A Centrist’s Election Criteria
I think of myself as a Centrist who is more interested in perfecting participatory government than I am in the specific issues: The process versus the policy. To me the path to optimizing the common good is with elected representatives who are open minded, pragmatic and collaborative; an aim that is the essential purpose of the Constitution. Policy that is for sale to the highest bidder, or dictated by an extreme ideology, just doesn’t seem like a viable long term strategy for the welfare of our planet. I don’t want too much socialism or too much unrestrained capitalism. Nor do I enjoy ricocheting between these two extremes.
My criteria for voting is, which of the viable candidates are most inclined to champion process reforms such as public finance of campaigns at all levels of government, redistricting to promote competitive elections, open primaries to give independents a voice, transparency, accountability, etc. In essence I ask: Who will move us towards “a more perfect union?

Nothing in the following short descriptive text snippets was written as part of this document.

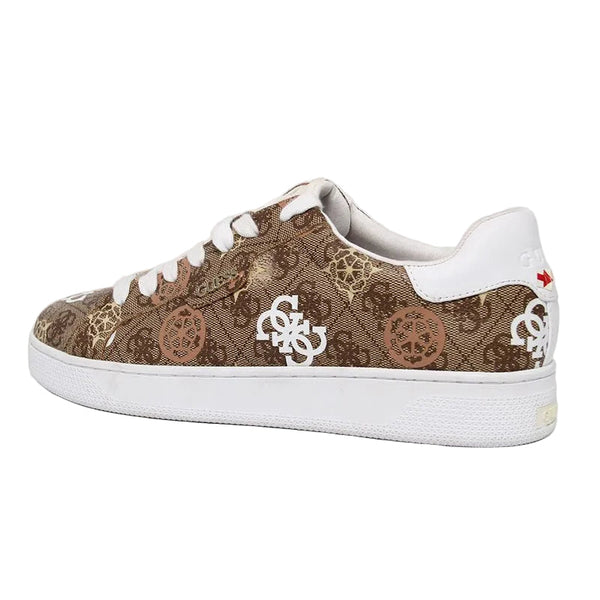 GUESS MEN SHOES Size 43 ROM411 - Runner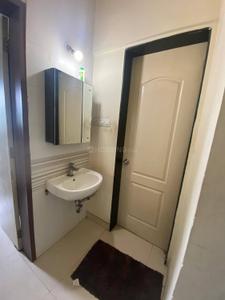 Image of 1150 Sq.ft 2 BHK Apartment / Flat for sale in Magarpatta City, Pune for Rs. 13000000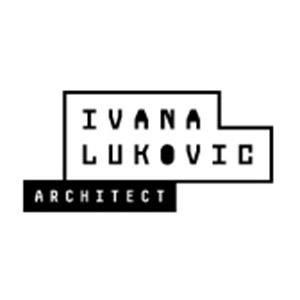 Architectural Studio Ivana Lukovic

This leads me to Obama and McCain. Hillary with all of her experience in Washington is to me a creature of that “money culture” and does not seem to express her revulsion of it as passionately as do Obama and McCain. McCain however is a maverick in a Club that values “survival of the fittest” and the exceptionalism of special interests. (After all it was House Majority Leader Tom DeLay who started the recent escalation of Earmarks to help buy congressional seats). I fear that his better angels would be overwhelmed.
So I come to Obama, based on what he does and says, as the one most likely to promote a system that aims to optimize representative government at the expense of special interests.